The state space representation raises several issues [Pieraccini2005, Paek2008]. The system state must contain the dialogue context information necessary to a knowledgeable decision making. The decision quality is teherefore directly depending on the state space representation. But there exists a phenomenon called the dimension curse that prevents from including all the system variables in this representation. Indeed, doing so would compromise the convergence speed of the reinforcement learning algorithms. It is therefore advised to represent the relevant information, and only it, and there’s an art to it.
The reward function enables the dialogues evaluation, in such a way that, optimising it implies that future generated dialogues are of the best quality. A bad reward function induces an optimisation according to wrong criteria and consequently bad dialogues.
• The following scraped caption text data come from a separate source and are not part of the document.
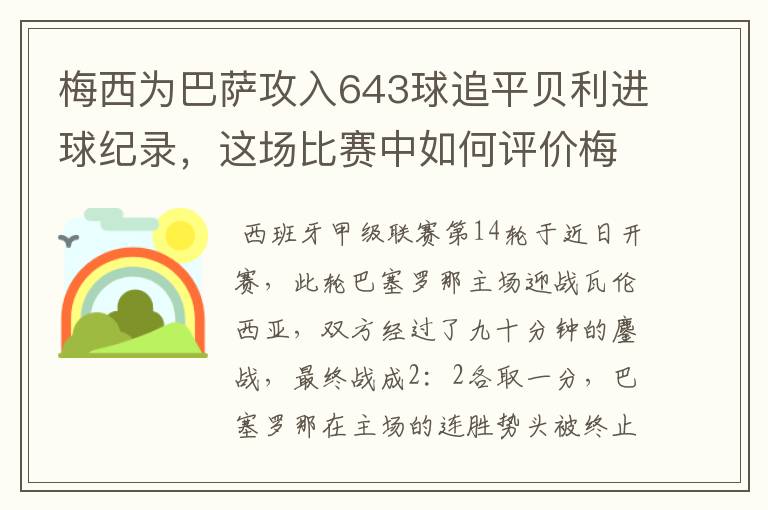 梅西为巴萨攻入643球追平贝利进球纪录，这场比赛中如何评价梅西的发挥？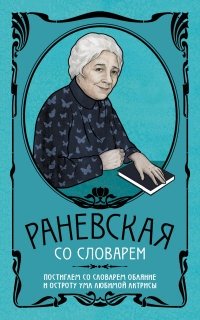 Фаина Раневская со словарем фото книги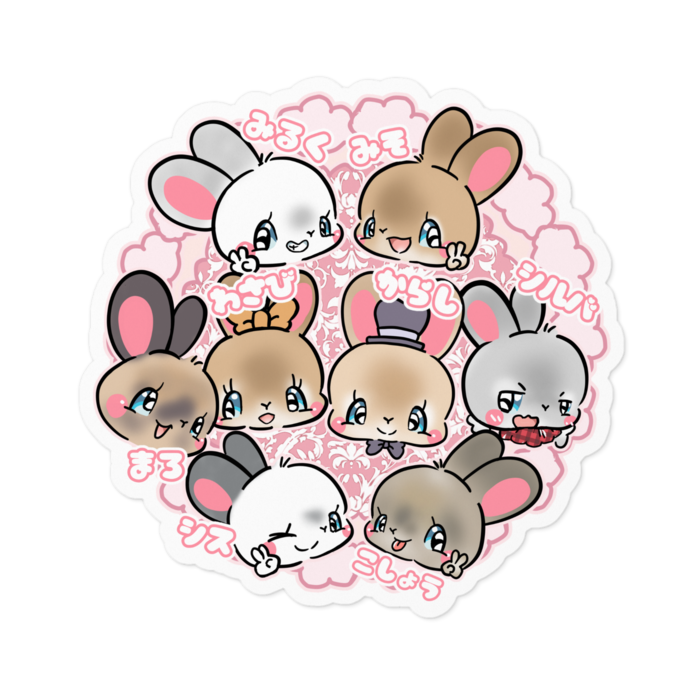 ステッカー - 100 x 100 (mm)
In dialogue systems, it often incurs that evaluating automatically dialogues is problematic [Walker1997, Boularias2010, Sugiyama2012]: did the user end the call because he got what he was looking for, or because he gave up?
A plug-and-play approach
Based on previous works of her team [Laroche2009, Laroche2010], Layla El Asri endeavoured, during her PhD thesis at Orange, to bring answers to both issues. To do so, she designed a methodology according to three courses of action. Firstly, the vocal application designer is not familiar with reinforcement learning, which implies that the state space representation and the reward function must be learnt automatically from data. Secondly, he designer must keep control of his service, meaning that he should have a feedback on what the system learns. In other words, the learning results must be easy to interepret. Thirdly and finally, the system must learn online, i.e. when the service is deployed. This last point is crucial because vocal service deployments are costly and it provides a better agility.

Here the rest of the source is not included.